DIRECTIONS =>
Starting with the line that contains "city tower along canal & boats" and ending with the last line of the listing, print each line exactly. Pictures stay out.

DATA PROVIDED =>
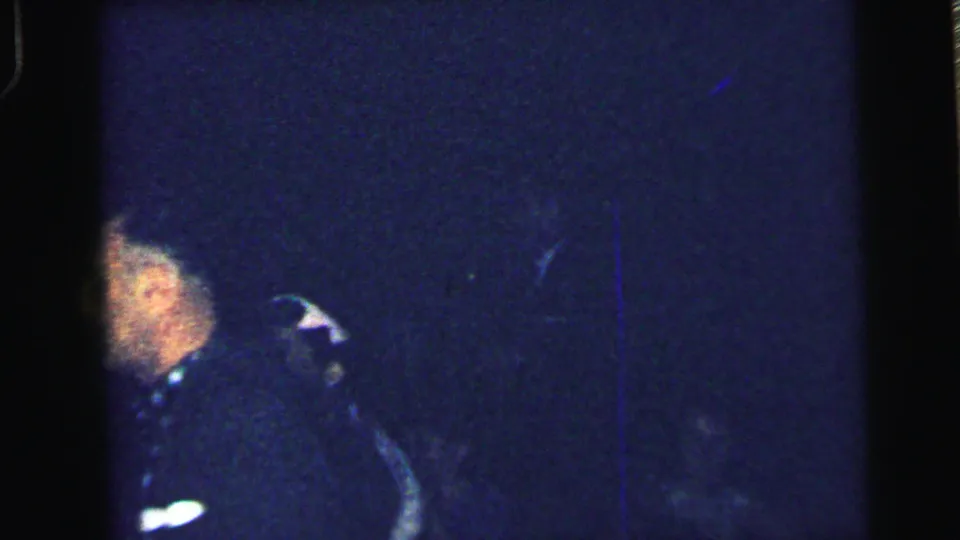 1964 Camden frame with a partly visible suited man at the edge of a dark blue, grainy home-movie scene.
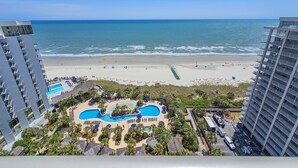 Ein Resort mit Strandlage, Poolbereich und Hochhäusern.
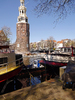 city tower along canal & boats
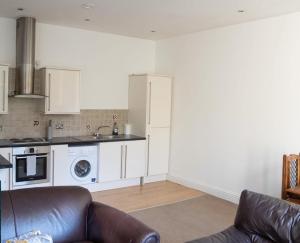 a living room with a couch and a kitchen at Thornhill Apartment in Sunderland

SOLUTION =>
 city tower along canal & boats
 a living room with a couch and a kitchen at Thornhill Apartment in Sunderland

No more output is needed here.